> **Task objective**: Exactly as written, set down each line of the data below except its pictures.

> **Dataset content**:
+===+

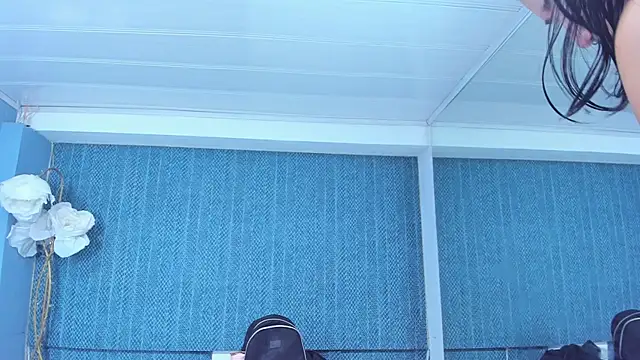 LeaMoreau22's cam snapshot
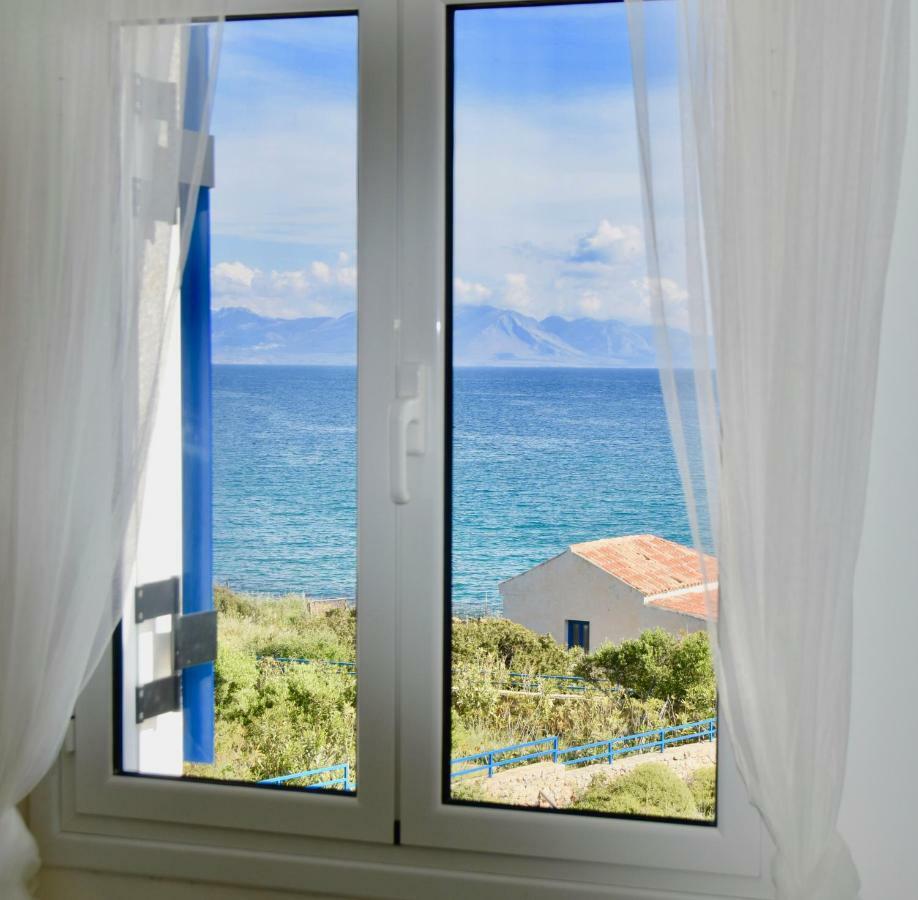 Sempreviva Sea Houses Diakofti Exterior photo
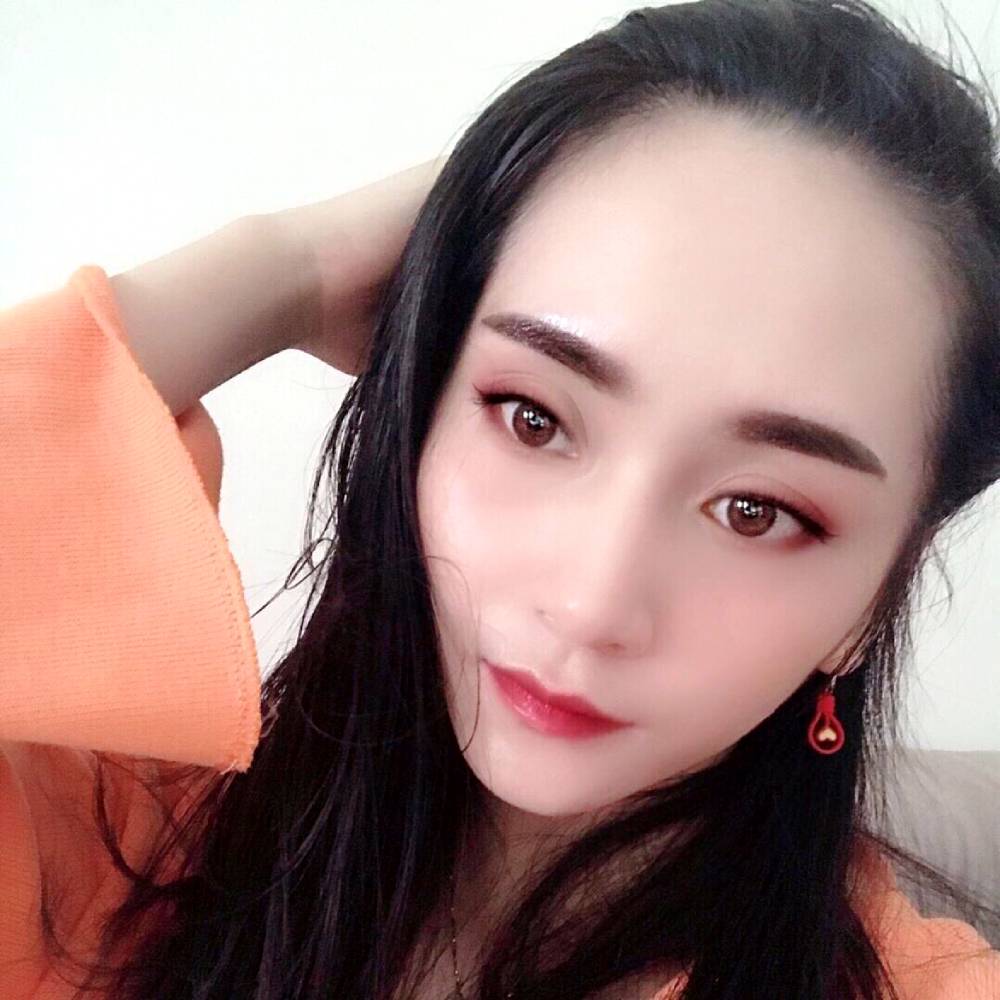天真邂逅红牛的照片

+===+

> **Exercise solution**:
 LeaMoreau22's cam snapshot
 Sempreviva Sea Houses Diakofti Exterior photo
天真邂逅红牛的照片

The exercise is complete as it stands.